Mohon tunggu...
Berty Sinaulan
Berty Sinaulan Mohon Tunggu... Penulis - Penulis, Pewarta, Pelatih Pembina Pramuka, Arkeolog

Pewarta, Pelatih Pembina Pramuka, Arkeolog, Penulis, Peneliti Sejarah Kepanduan, Kolektor Prangko dan Benda Memorabilia Kepanduan, Cosplayer, Penggemar Star Trek (Trekkie/Trekker), Penggemar Petualangan Tintin (Tintiner), Penggemar Superman, Penggemar The Beatles

Selanjutnya

Tutup

Humaniora Artikel Utama

Perpustakaan, Tempat untuk Menemukan "Akar" Diri

4 Maret 2017   20:14 Diperbarui: 6 Maret 2017   00:00 968
+
Laporkan Konten
Laporkan Akun
Kompasiana adalah platform blog. Konten ini menjadi tanggung jawab bloger dan tidak mewakili pandangan redaksi Kompas.

Menjalankan profesi sebagai pewarta selama lebih dari 30 tahun, saya hampir saja tak tahu bahwa bakat dan hobi menulis dan mengirim berita yang kemudian menjadi karier sebagai pewarta itu, ternyata menurun dari ayah sendiri. Selama ini, saya mengira ayah saya yang bernama lengkap Frits Willem Sinaulan atau sering disingkat F.W. Sinaulan, hanyalah seorang pegawai negeri yang mengabdikan hampir seluruh hidupnya menjadi abdi masyarakat di bidang perindustrian dan perdagangan saja.

Namun hal itu berubah, sekitar dua atau tiga tahun lalu. Semuanya bermula dari kunjungan saya ke Perpustakaan Nasional RI (PNRI) di Jalan Salemba Raya, Jakarta Pusat. Ya, perpustakaan yang mengubah perkiraan saya dan memberi informasi mengenai bakat dan hobi menulis yang saya miliki.

Sudah lama kita tahu bahwa perpustakaan adalah salah satu sumber ilmu pengetahuan.Koleksi buku-buku maupun dokumen lainnya yang ada di perpustakaan, dapat membantu kita untuk lebih mengenal dan mendalami tentang suatu hal. Baik tentang ilmu tertentu atau pun catatan-catatan sejarah yang bermanfaat bagi manusia.

Saya sendiri merasakan benar betapa bermanfaatnya kehadiran perpustakaan. Sejak kecil saya sudah senang membaca, dan perpustakaan menjadi tempat yang nyaman untuk memperoleh bacaan-bacaan menarik. Ketika sekolah, beberapa informasi untuk mata pelajaran pun saya peroleh dari perpustakaan. Apalagi ketika mahasiswa, makin sering saya mendatangi perpustakaan.

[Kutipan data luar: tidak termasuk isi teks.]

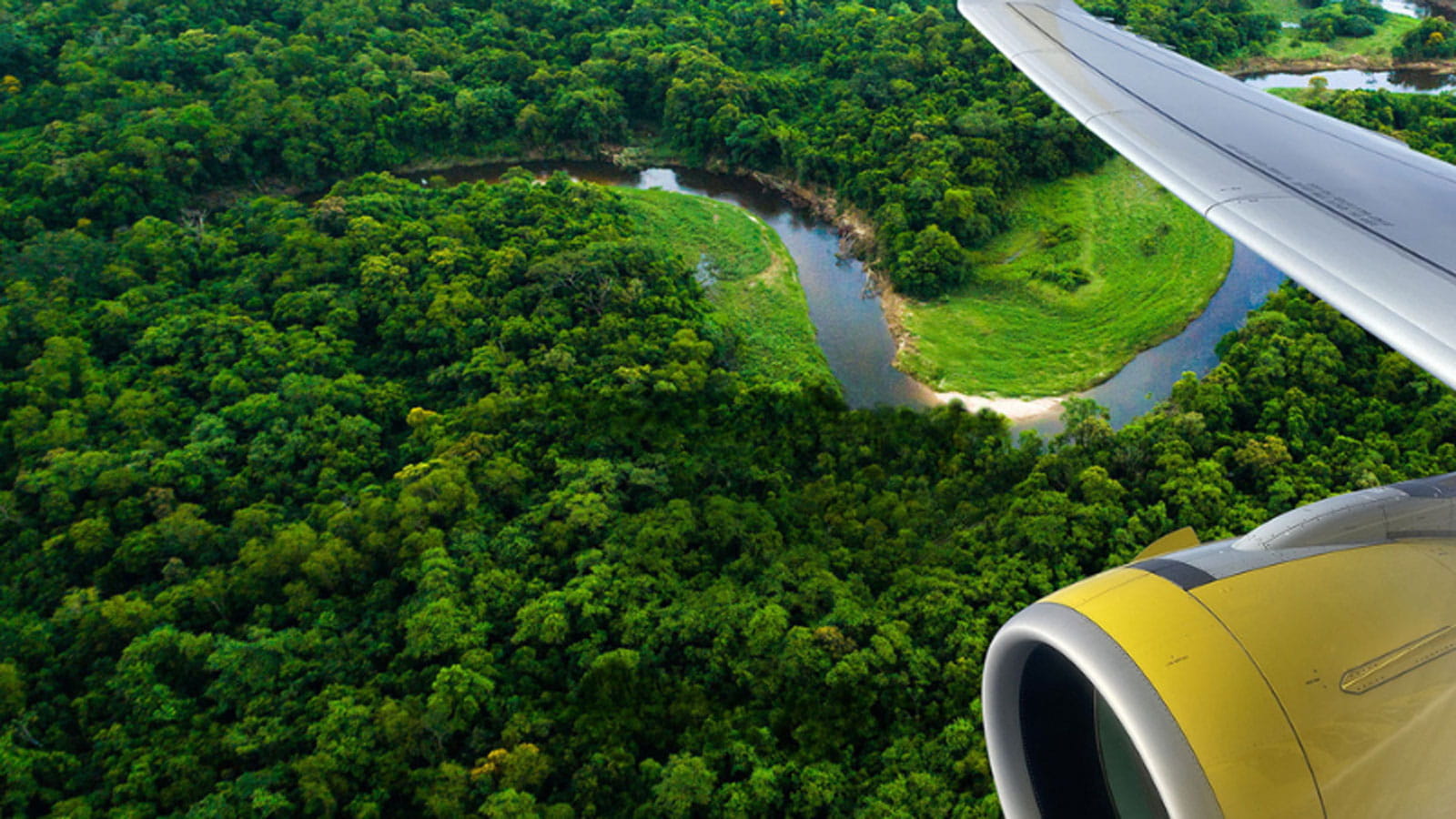 Yellow airplane flying above green forest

Kebetulan, saat itu Perpustakaan Nasional Republik Indonesia (PNRI) masih berada di dalam gedung Museum Pusat namanya saat itu. Sekarang museum itu dikenal dengan nama Museum Nasonal Indonesia (MNI), walau pun masih ada juga yang menyebutnya sebagai Museum Gajah, karena adanya patung gajah persembahan Raja Siam (Thailand) yang diletakkan di depan museum yang terletak di Jalan Medan Merdeka Barat, Jakarta Pusat tersebut.

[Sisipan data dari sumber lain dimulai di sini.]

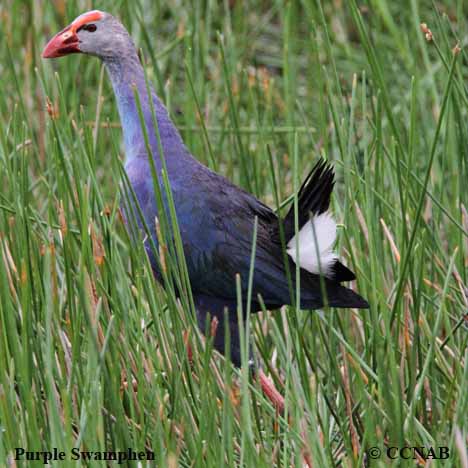 Purple Swamphen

Patung gajah di depan Museum Nasional Indonesia. (Foto: R. Andi Widjanarko, ISJ)
Patung gajah di depan Museum Nasional Indonesia. (Foto: R. Andi Widjanarko, ISJ)
Sebagai mahasiswa Jurusan Arkeologi Fakultas Sastra (sekarang namanya Fakultas Ilmu Pengetahuan Budaya) Universitas Indonesia, mengunjungi MNI yang banyak menyimpan benda-benda arkeologi dari berbagai daerah di Indonesia, bisa dikatakan sudah menjadi kewajiban yang tak bisa dihindari. Kehadiran PNRI di dalam gedung museum itu, sungguh membantu. Saat mempelajari arca, prasasti, maupun benda-benda arkeologi lainnya di sana, sekaligus dapat pula mencari referensinya dari buku dan dokumen yang ada di perpustakaan. Bagaikan pepatah, “sekali dayung, dua tiga pulau terlampaui”.

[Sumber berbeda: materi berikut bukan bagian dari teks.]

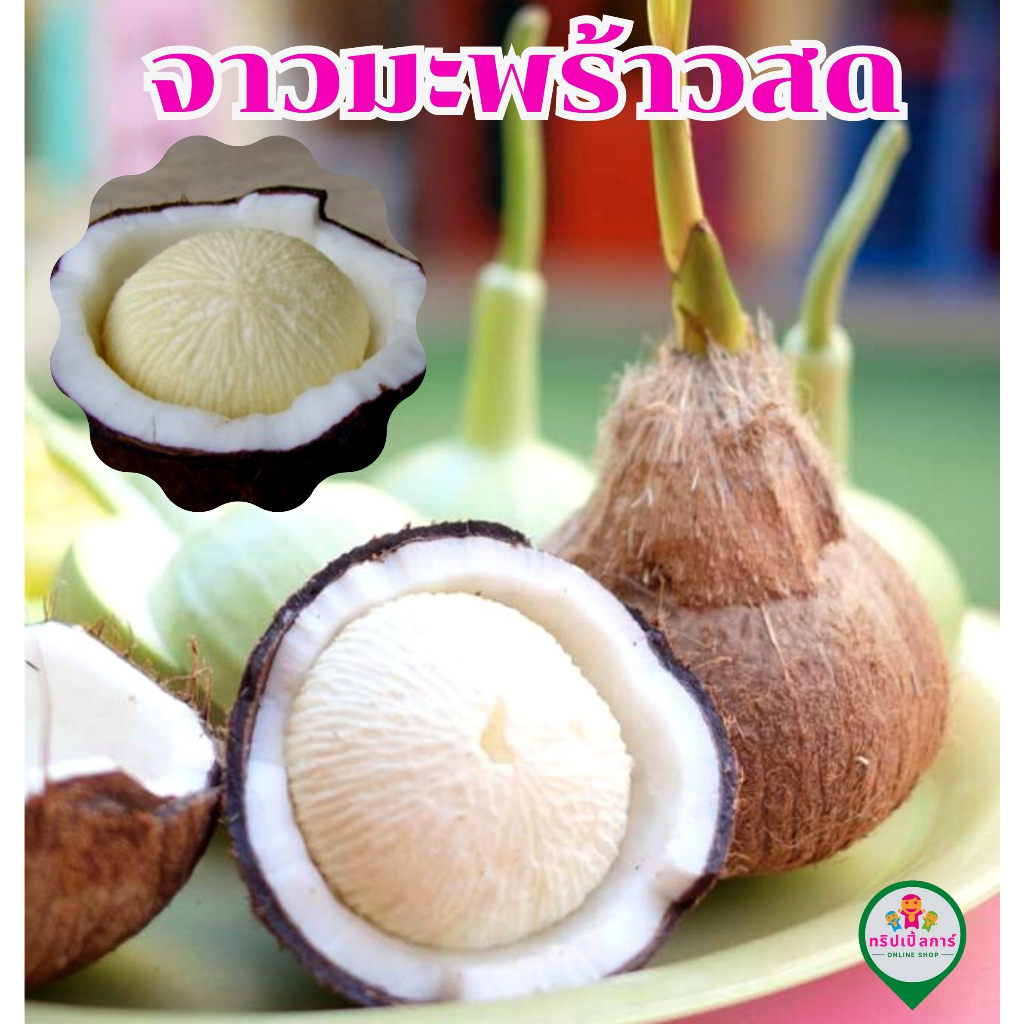 จาวมะพร้าวสด​ พวมมะพร้าว​สด​ พวมพร้าว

Setelah PNRI mempunyai gedung sendiri yang megah di Jalan Salemba Raya, Jakarta Pusat, saya pun masih sering berkunjung ke sana. Apalagi setelah tahun 2000-an, ketika menjelang peringatan 100 tahun gerakan kepanduan sedunia pada 2007. Terdorong oleh semangat mencari data sejarah kepanduan di Indonesia, saya memanfaatkan suratkabar lama dan majalah-majalah kepanduan yang terbit sejak zaman Hindia-Belanda, untuk mencari data.

Aktivitas pencarian data untuk penulisan sejarah kepanduan makin gencar saya lakukan saat menjelang 50 tahun Gerakan Pramuka pada 2011 dan 100 tahun dimulainya gerakan kepanduan di bumi Nusantara pada 2012. Demikian pula ketika saya diminta membantu penulisan buku oleh Badan Perpustakaan dan Arsip Daerah (BPAD) Provinsi DKI Jakarta pada 2015, kehadiran saya di PNRI menjadi semakin sering. Ditambah lagi dengan mengunjungi perpustakaan yang dikelola BPAD DKI Jakarta di dalam kawasan Taman Ismail Marzuki, Jalan Cikini Raya, Jakarta Pusat.

Siapa Menyangka

Tak dapat disangkal, kehadiran perpustakaan memang benar-benar membantu karier dan aktivitas saya sebagai pewarta. Namun siapa pula yang menyangka, bahwa dari perpustakaan juga saya akhirnya tahu bahwa bakat dan keterampilan menulis yang saya miliki tidak datang dengan sendirinya.

Ibu dan ayah saya dalam lukisan buatan 1996. (Foto: Ruth Sinaulan)
Ibu dan ayah saya dalam lukisan buatan 1996. (Foto: Ruth Sinaulan)
Selama ini saya mengira di keluarga kandung, hanya saya sendiri yang menekuni dunia jurnalistik. Kalau pun ada saudara yang juga sama-sama menjadi pewarta adalah saudara dari garis keturunan ayah maupun ibu, tetapi bukan merupakan saudara kandung. Dari garis keturunan ayah, antara lain paman saya, Hans Sinaulan. Sedangkan dari garis keturunan ibu, beberapa saudara sepupu saya, yaitu kakak-beradik, Daud Sinjal, Isaac Sinjal, dan John Sinjal. Semuanya pernah berkiprah di penerbitan yang dikelola PT Sinar Kasih, yaitu Harian Umum Sinar Harapan (belakangan berubah nama menjadi Suara Pembaruan) dan tabloid mingguan Mutiara.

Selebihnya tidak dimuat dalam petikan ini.